• HOW TO COMPLETE THIS TASK
The answer must be an exact copy of the lines from the one with "Image of Laporan" through the final line of the records below, with no pictures.

Short descriptive text snippets:
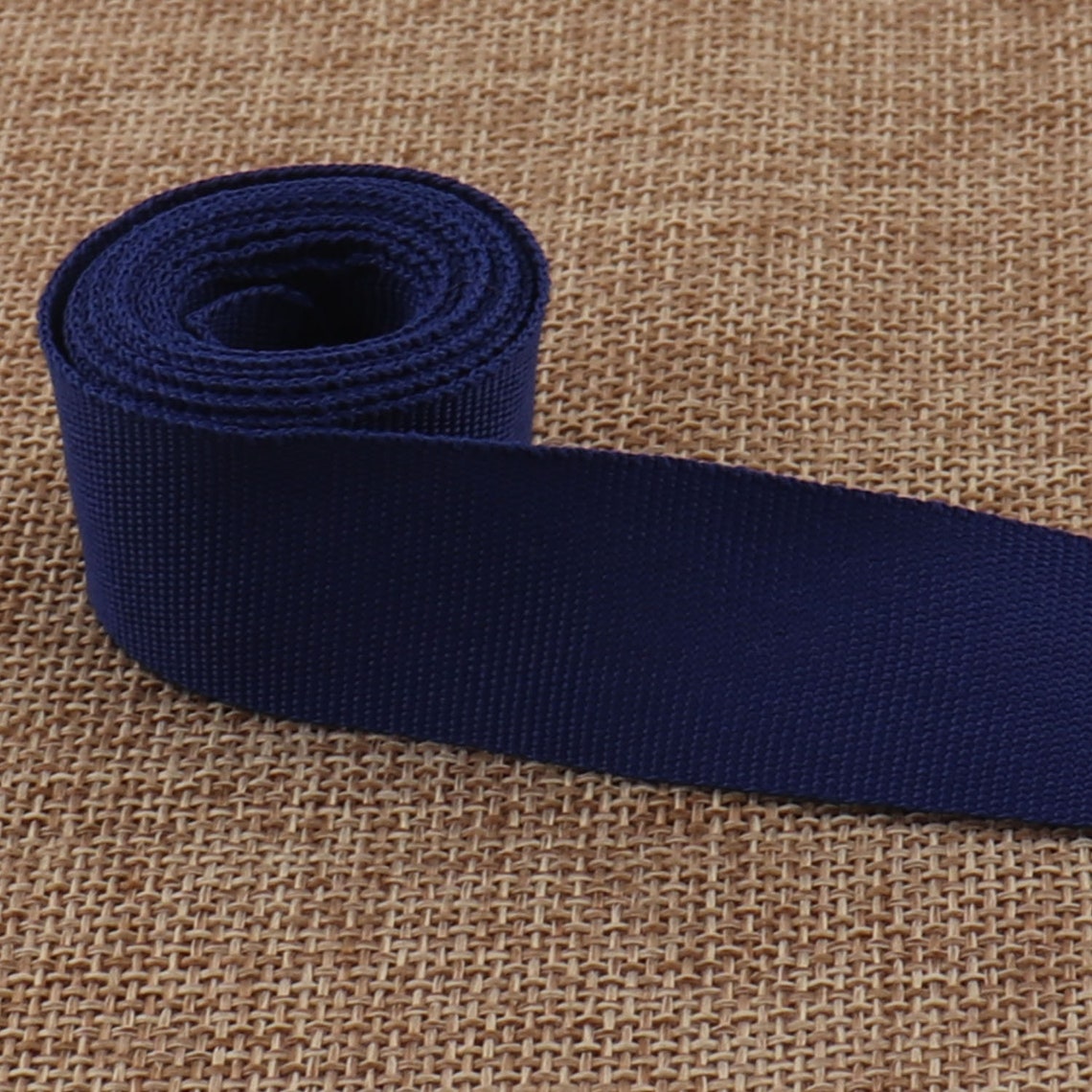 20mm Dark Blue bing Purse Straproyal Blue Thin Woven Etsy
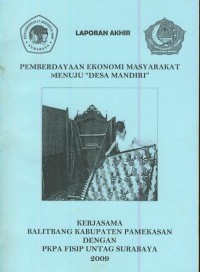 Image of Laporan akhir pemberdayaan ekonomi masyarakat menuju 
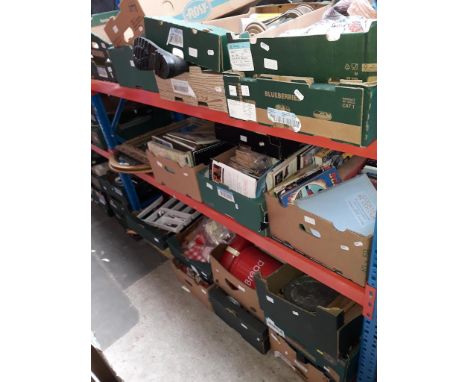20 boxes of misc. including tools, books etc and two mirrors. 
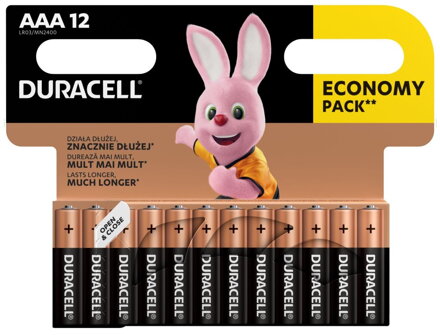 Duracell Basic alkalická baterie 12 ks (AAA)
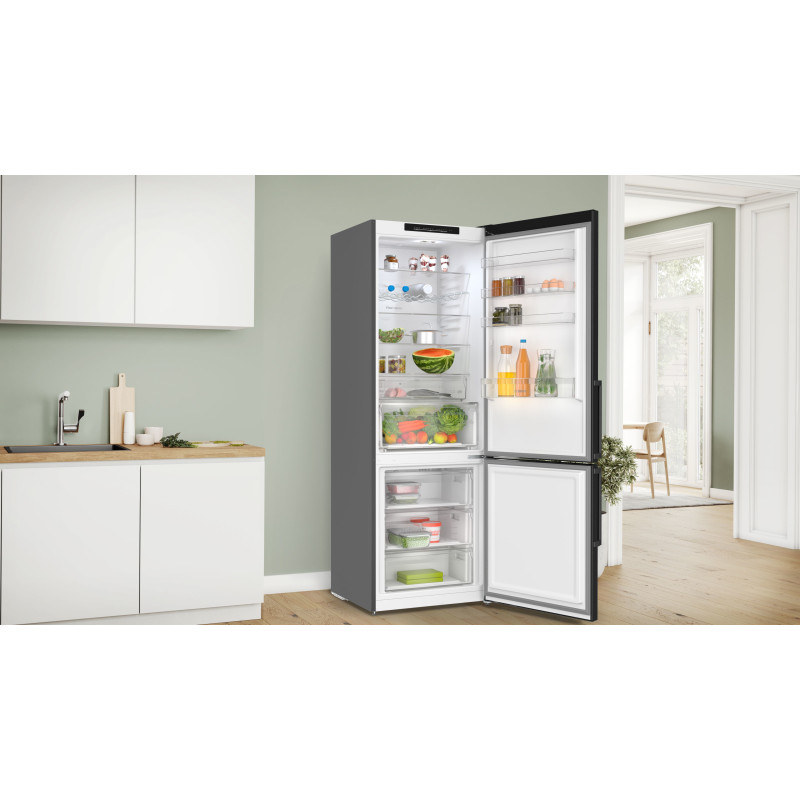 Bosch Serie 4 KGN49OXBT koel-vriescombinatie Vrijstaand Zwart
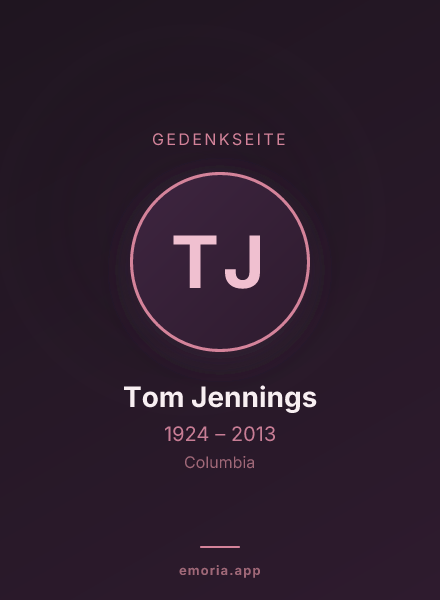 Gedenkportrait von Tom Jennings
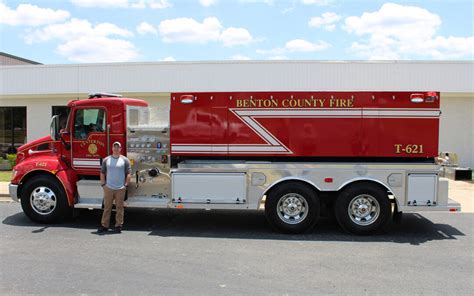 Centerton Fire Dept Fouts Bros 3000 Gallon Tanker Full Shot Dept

• RESPONSE TO THIS TASK
 Image of Laporan akhir pemberdayaan ekonomi masyarakat menuju 
20 boxes of misc. including tools, books etc and two mirrors. 
 Duracell Basic alkalická baterie 12 ks (AAA)
 Bosch Serie 4 KGN49OXBT koel-vriescombinatie Vrijstaand Zwart
 Gedenkportrait von Tom Jennings
 Centerton Fire Dept Fouts Bros 3000 Gallon Tanker Full Shot Dept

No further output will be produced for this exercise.